Then there was Bob Yard. He had been behaving pretty well since the last time I had laid down the law to him. Furthermore, he was keeping his nose out of national park affairs. I had been forced to make him bring me everything he wrote or was about to mail out. I hated to be so overbearing with a friend, but Mather had to come first. Bob simply couldn't be trusted not to slip up. When he talked to people in person, he often sounded like Mather's oracle, expounding on policy with, "Steve and I have discussed this and we feel..."

I closeted with him one more time and, in a friendly but firm way, let it be known that if I had another problem with him, I had the authority from Mather to cut him off from the Park Service along with his $650 per month.

There was also Yard's summer to be dealt with. He had grandiose plans not just to travel around our parks but to put in a lot of time and expense on Canadian parks. It was necessary to explain to him carefully that he did not work for the United States government, that the Park Service could not foot one cent of his travels. I suggested that he pick one park. How about Glacier? Spend his time doing a complete job on it, writing and taking photos for his next edition of the Parks Portfolio. He had already sold one book to Scribner's for a trade edition and a school edition of the same. Mather and I had discussed this aspect and felt he could probably make money writing a new book, his own book. With a good income, he could then be eased out of the Washington job.

I guess I was somewhat crafty in suggesting Glacier for the summer because I knew Yard had gotten to be a pal of many of the Great Northern Railroad people, mainly Howard Noble, the general manager of the Glacier Park Hotel Company. I thought they'd give him a break on his bills at the hotels and chalets.
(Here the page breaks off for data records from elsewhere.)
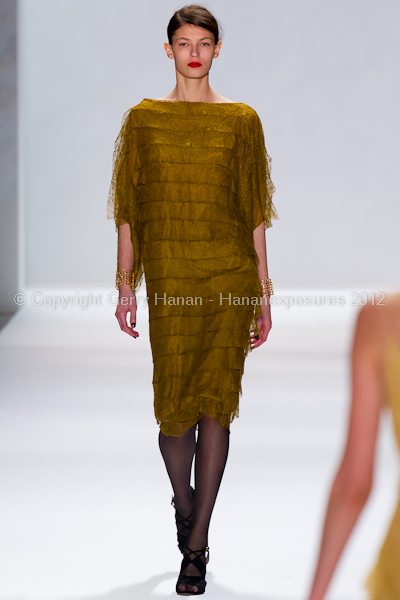 Tadashi Shoji - Fall/Winter 2012 - Mercedes-Benz New York Fashion Week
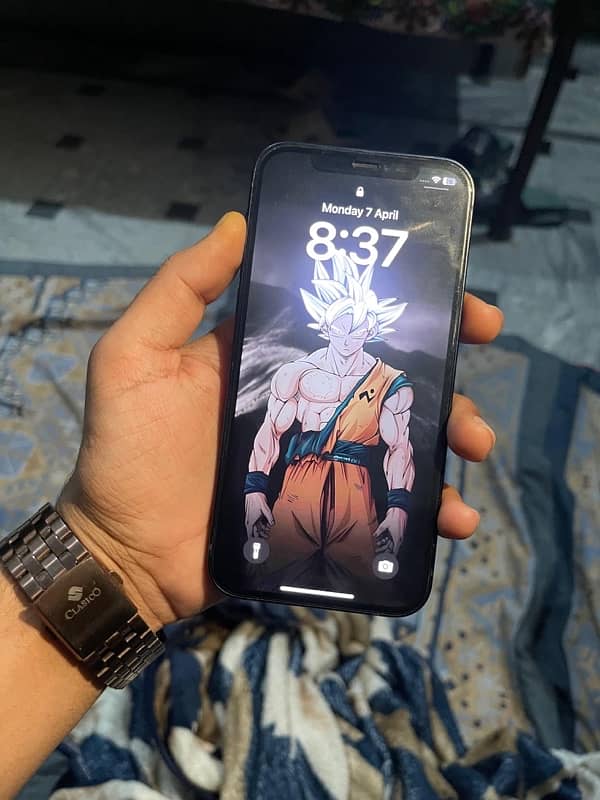 IPHONE 12 wth box no replace 5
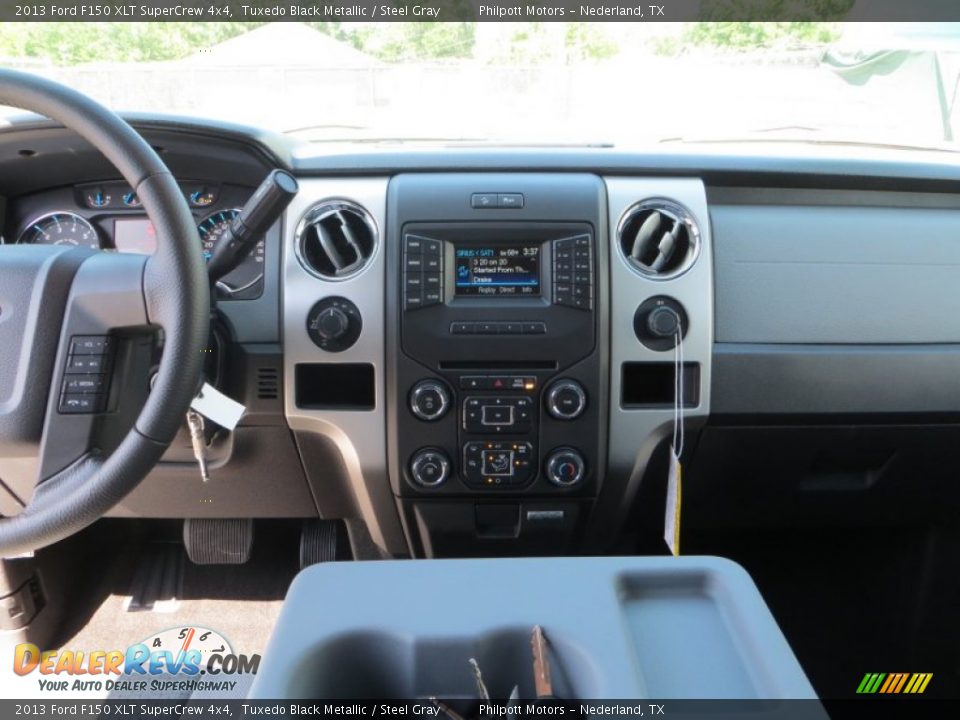 2013 Ford F150 XLT SuperCrew 4x4 Tuxedo Black Metallic / Steel Gray Photo #29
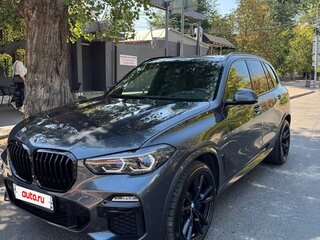 2019 BMW X5 30d IV (G05/G18), серебристый, 6100000 рублей, вид 4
Although I never would permit an employee of the Park Service to do this,Yard was really outside a government position and could accept a break on room and board. Actually he ended up getting them practically free.

My affairs in Washington were in good shape. Dr. Weisenburg assured me that, although far from well, Mr. Mather had made a successful transition from Lakewood to his own home in Darien and would soon be able to spend the summer in the West. There seemed nothing to hold me any longer in Washington, so Grace and I boarded the train for Colorado, where we spent a week before she headed for California to remain with her folks while I continued my inspection trip. Our visit to Rocky Mountain National Park was a rewarding experience except for Enos Mills.

I should mention that Enos Mills was one of the meanest, most cantankerous, most fascinating men I ever knew. I'm pretty sure I never knew anyone who liked him—maybe admired him, maybe tolerated him.

But no one liked him. Even his brother Joe hadn't talked to him since childhood. Probably it was more that Enos hadn't talked to Joe. They both lived in Estes Park. Both owned hotels. Both wrote about nature. Both hated each other. Someone remarked that Enos Mills "used up friends like typewriter ribbons, a man unhappy without enemies." When Mills died on September 21, 1922, I received a telegram from Roe Emery, who had the transportation concession in Rocky Mountain: "Enos Mills died last night. Ain't nature grand?"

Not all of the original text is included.